Mevcut yasal düzenleme gereği olarak bir alacağın
ödenmesinden konkordato ve sulh yoluyla vazgeçilmiş
olunmalıdır. Borçlu yönünden söz konusu alınmasından
vazgeçilen miktarın "Özel Fon" hesabında izlenmesi de
yasal zorunluluktan kaynaklanmaktadır.
Uygulamada konkordato halini belgelemekte bir güçlük
bulunmamakla birlikte sulh yoluyla vazgeçilen alacaklar
için hukuki bir merasime veya anlaşmanın şekle tabi olup
olmadığı konusunda yasal açıdan bir açıklama mevcut
değildir.
Ancak Maliye Bakanlığı tarafından yayımlanmış bulunan
284 Sıra numaralı Vergi Usul Yasası Genel Tebliği ile bu
bağlamdaki sulh anlaşmalarının notere tasdik ettirilmesi
öngörülmüş bulunmaktadır. Vazgeçilen alacaklarda
alacaklı taraf için "Değersiz Alacak" haline
dönüşmektedir.
Dolayısıyla bu durumun taraflarda kanıtlanmasına yönelik
bir anlaşmayı müştereken imzalayıp kabullendiklerini
gösteren bir belgenin varlığı olayın ispatı açısından da
zorunlu olmaktadır. Ayrıca Hukuk Usulü Muhakemeleri
Yasası'nın 288 ve müteakip maddeleri de vazgeçilen
alacakların hem alacaklı ve hem de borçlu açısından
belgelendirilmesini öngörmektedir. (V. Seviğ).
YURTDIŞI ÇIKIŞ YASAĞI
SORU: Yurtdışı çıkış yasağı kalktı mı? Bu konuda yeni
bir kanun çıkarıldı mı? Bazı basın organlarında bu
konuda haberler yer almaktadır.
YANIT: Türkiye Büyük Millet Meclisi'nde görüşülerek
kabul edilen 5766 sayılı "Amme Alacaklarının Tahsil
Usulü Hakkında Kanunda ve Bazı Kanunlarda Değişiklik
Yapılması Hakkındaki Kanun"un 5. maddesi ile Amme
Alacaklarının Tahsil Usulü Hakkındaki Kanun'a eklenen
36/A maddesinde yer alan düzenlemenin başlığı "Yurtdışı
Çıkış Tahdidi"dir.
Buna göre devlete ait olup, Vergi Usul Kanunu ve Gümrük
Kanunu kapsamına giren amme alacakları ile bunlara ait
zam ve cezaların ödeme emrinin tebliğ tarihini takip
eden yedi gün içerisinde ödenmeyen ya da kanun hükümleri
uyarınca hakkında bu alacaklar nedeniyle ihtiyati haciz
kararı alınan amme borçlusunun yurt dışına çıkışı
alacaklı tahsil dairesinin talebi halinde ilgili
makamlarca engellenecektir.
Yapılan yeni düzenleme gereği yurtdışı çıkış tahdidi 100
bin YTL ve üzerinde olan teminat altına alınmamış amme
alacağına uygulanacaktır.
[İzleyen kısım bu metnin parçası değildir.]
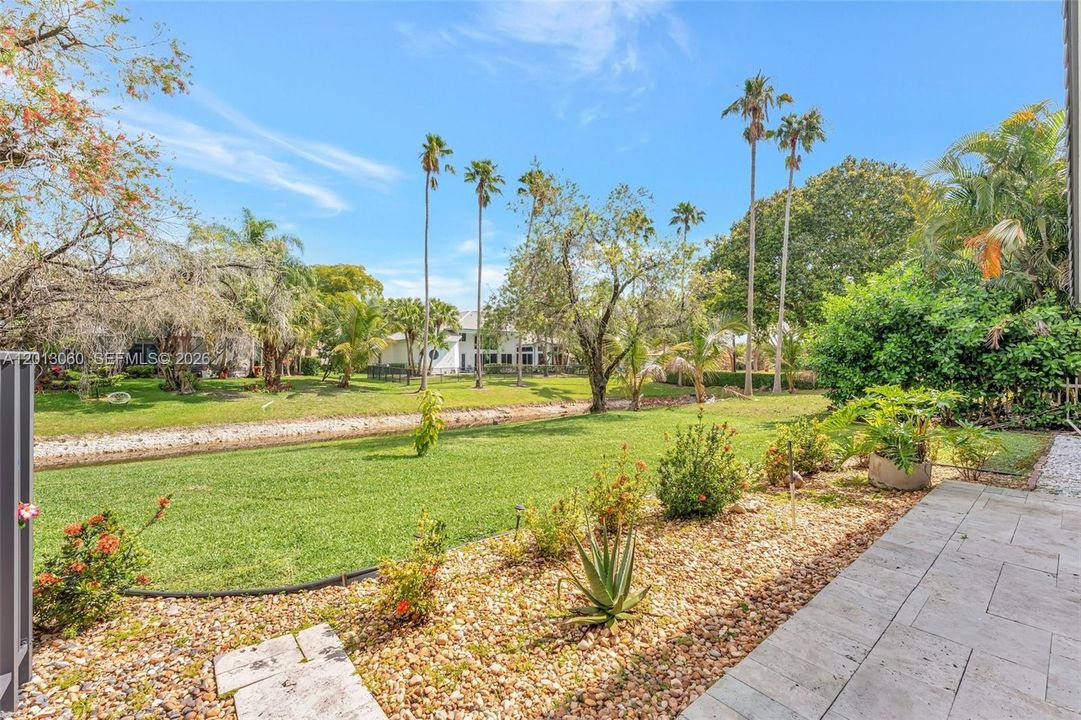 Activo con contrato: $885,000 (4 camas, 3 baños, 2804 Pies cuadrados)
Bakanlar Kurulu bu miktarı on
katına kadar arttırmaya, yarısına kadar indirmeye ve
yeniden kanuni tutarına getirmeye yetkili kılınmıştır.
Amme alacağına karşılık teminat alınması, alacağın tecil
edilmesi, borçlunun aciz halinin tespit edilmesi, yargı
mercilerince amme alacağının takibinin durdurulmasına
karar verilmesi veya takibin kanunen durdurulması
gereken diğer hallerde yurt dışı çıkış tahdidi, alacaklı
tahsil dairesinin istemi üzerine ilgili makamlarca
kaldırılacaktır.
Amme borçlusu hakkında uygulanan yurtdışı çıkış tahdidi,
hastalık, iş bağlantısı gibi hallerde alacaklı tahsil
dairesinin uygun görmesi ve bildirimi üzerine ilgili
makamlar tarafından kaldırılır. Ancak bu nedenlerle
kaldırılan yurtdışına çıkış yasağı diğer bir çıkış
aşamasında uygulanabilecektir.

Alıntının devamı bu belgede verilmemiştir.